# Extracted entries
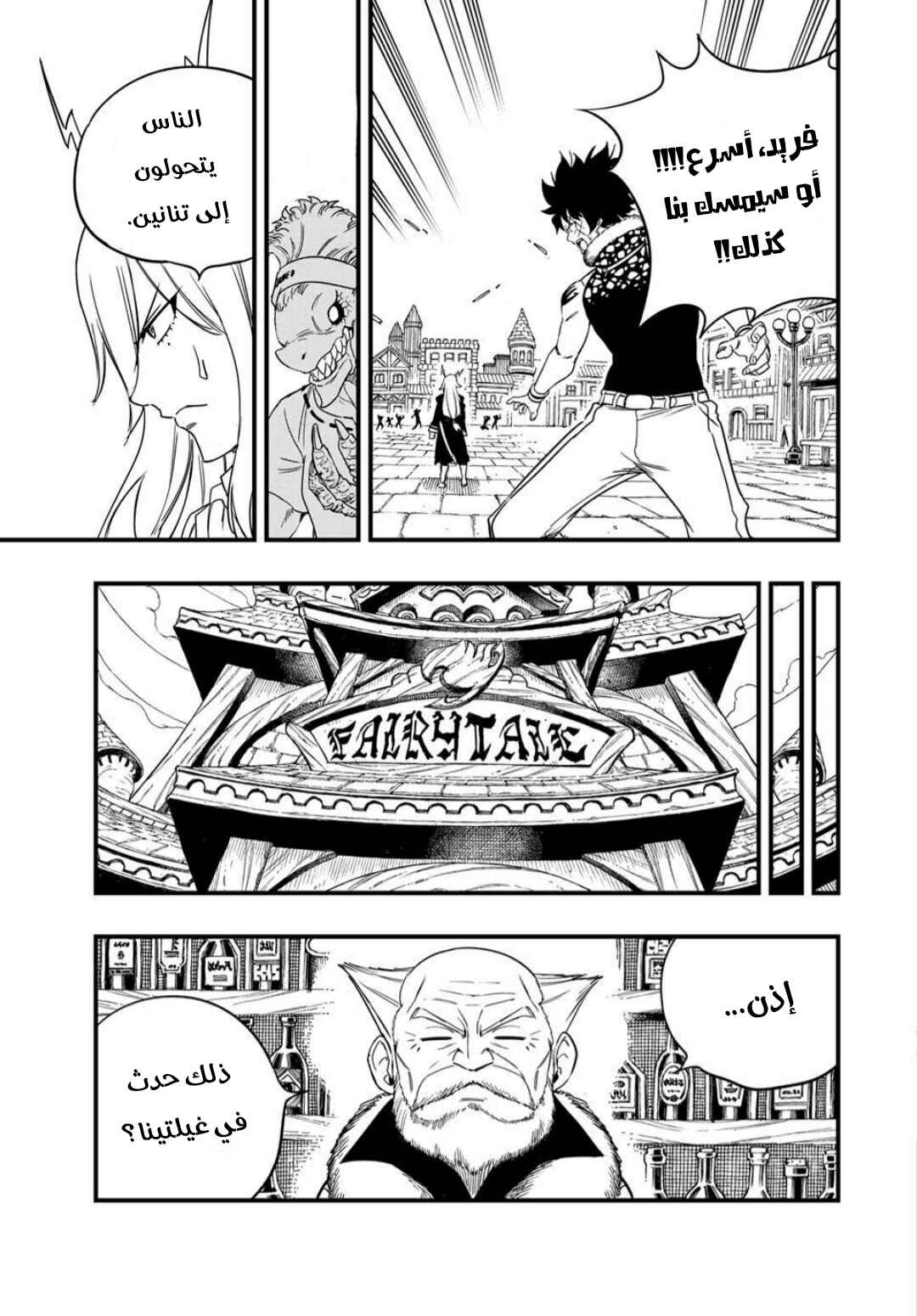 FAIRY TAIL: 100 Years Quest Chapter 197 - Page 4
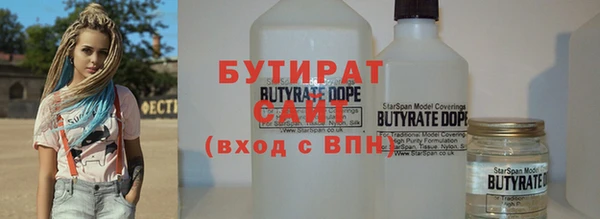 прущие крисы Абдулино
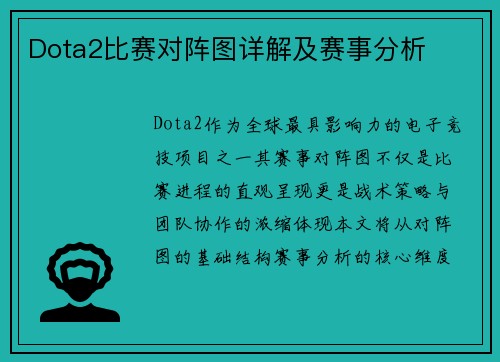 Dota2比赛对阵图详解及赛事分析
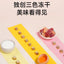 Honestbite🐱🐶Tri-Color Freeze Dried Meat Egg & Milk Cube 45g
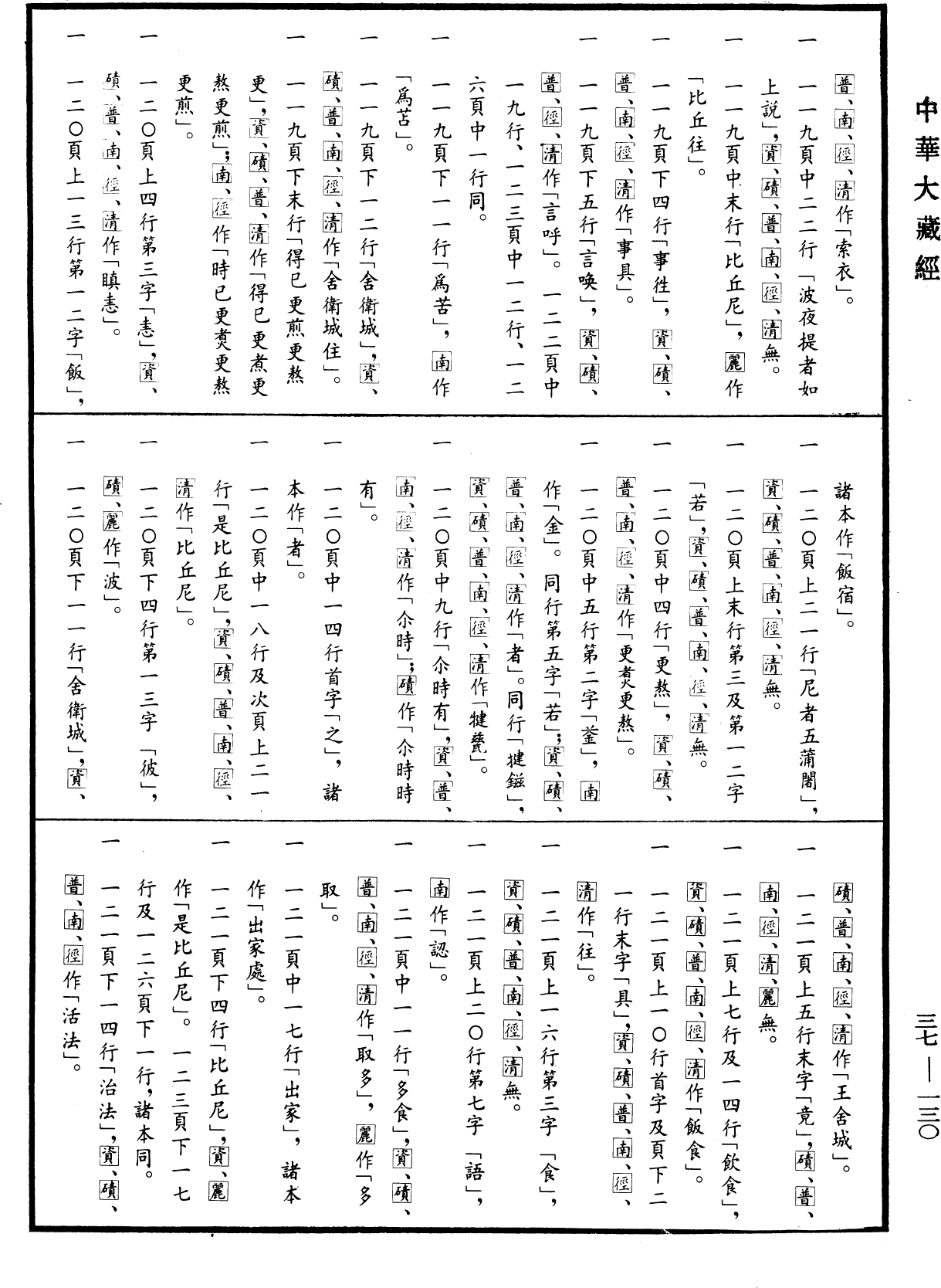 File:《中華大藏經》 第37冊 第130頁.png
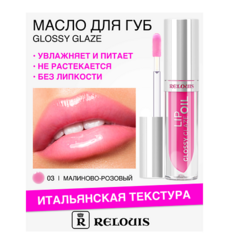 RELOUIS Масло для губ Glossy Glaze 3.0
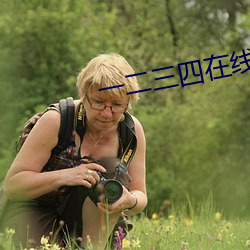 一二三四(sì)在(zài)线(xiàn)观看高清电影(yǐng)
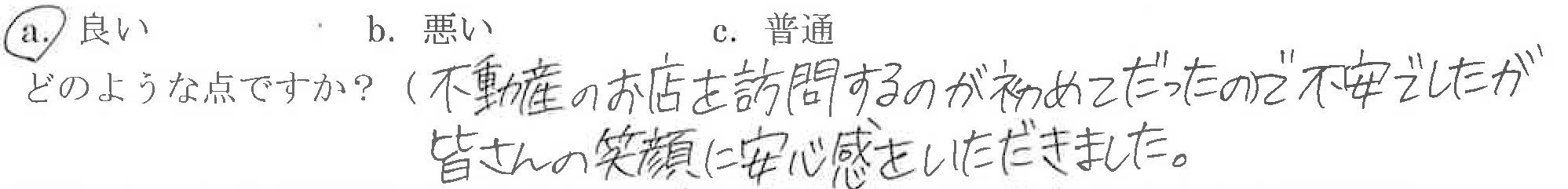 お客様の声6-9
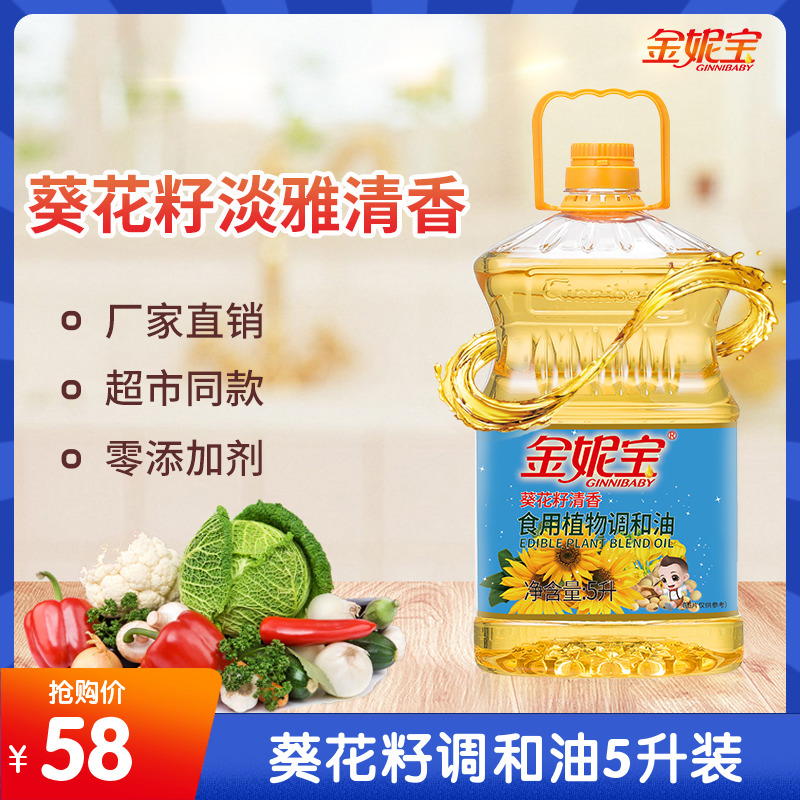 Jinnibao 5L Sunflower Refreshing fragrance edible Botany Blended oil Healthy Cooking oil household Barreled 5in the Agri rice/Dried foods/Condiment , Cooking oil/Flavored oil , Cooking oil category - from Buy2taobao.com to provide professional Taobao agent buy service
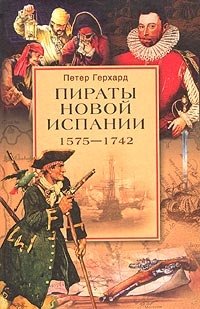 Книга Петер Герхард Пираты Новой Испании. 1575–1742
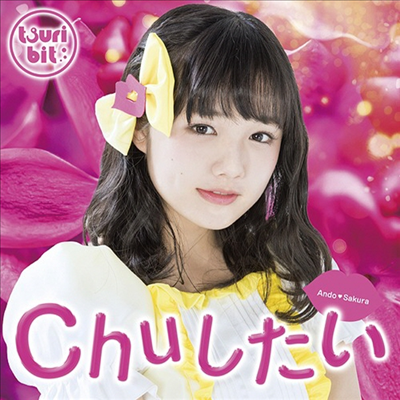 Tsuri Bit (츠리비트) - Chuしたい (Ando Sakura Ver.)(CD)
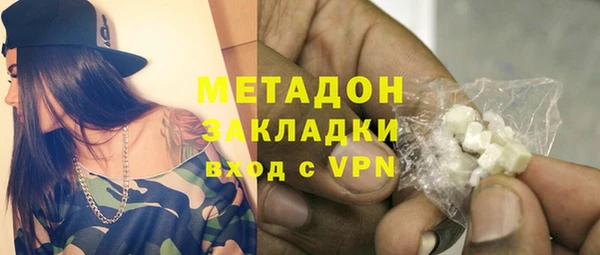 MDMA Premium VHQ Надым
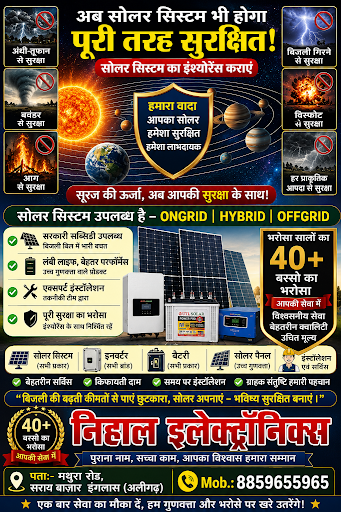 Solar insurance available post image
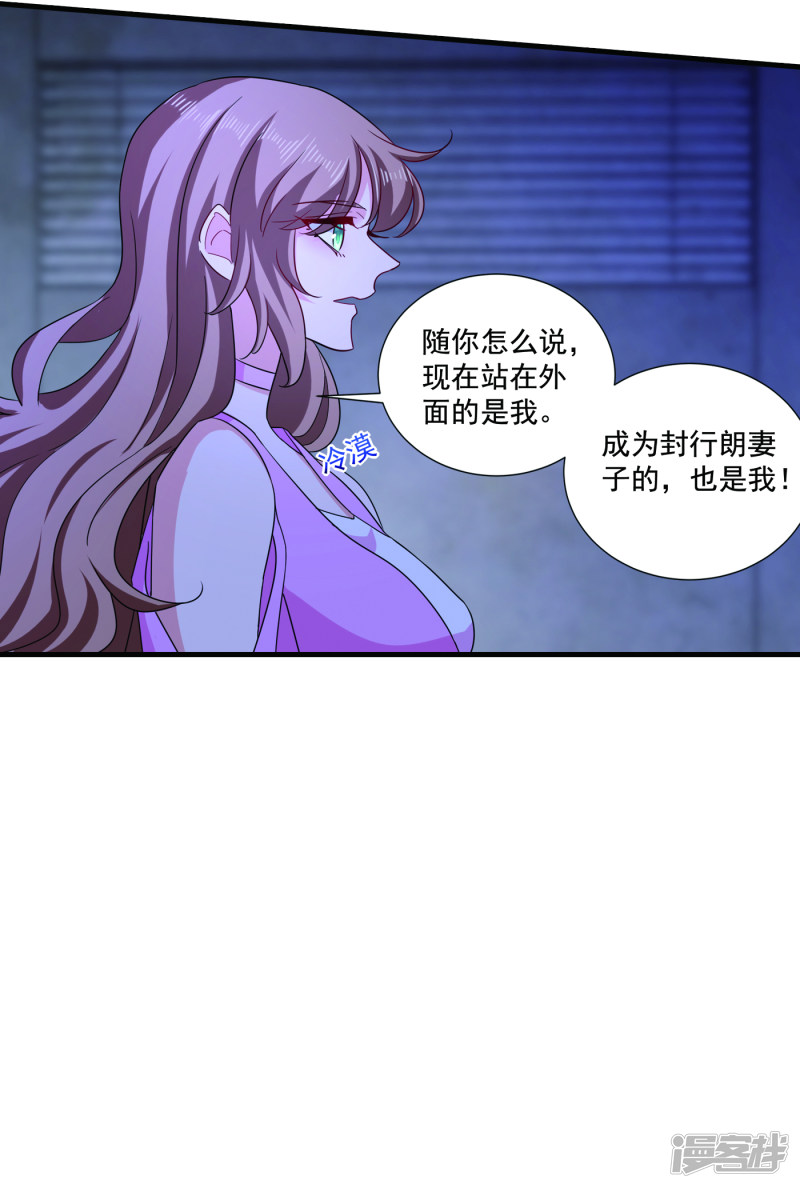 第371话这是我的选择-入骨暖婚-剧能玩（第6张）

# The problem
Reprint every record exactly and skip the pictures.

# Solution to the problem
 FAIRY TAIL: 100 Years Quest Chapter 197 - Page 4
 прущие крисы Абдулино
 Dota2比赛对阵图详解及赛事分析
 Honestbite🐱🐶Tri-Color Freeze Dried Meat Egg & Milk Cube 45g
 File:《中華大藏經》 第37冊 第130頁.png
 RELOUIS Масло для губ Glossy Glaze 3.0
 一二三四(sì)在(zài)线(xiàn)观看高清电影(yǐng)
 お客様の声6-9
 Jinnibao 5L Sunflower Refreshing fragrance edible Botany Blended oil Healthy Cooking oil household Barreled 5in the Agri rice/Dried foods/Condiment , Cooking oil/Flavored oil , Cooking oil category - from Buy2taobao.com to provide professional Taobao agent buy service
 Книга Петер Герхард Пираты Новой Испании. 1575–1742
 Tsuri Bit (츠리비트) - Chuしたい (Ando Sakura Ver.)(CD)
 MDMA Premium VHQ Надым
 Solar insurance available post image
 第371话这是我的选择-入骨暖婚-剧能玩（第6张）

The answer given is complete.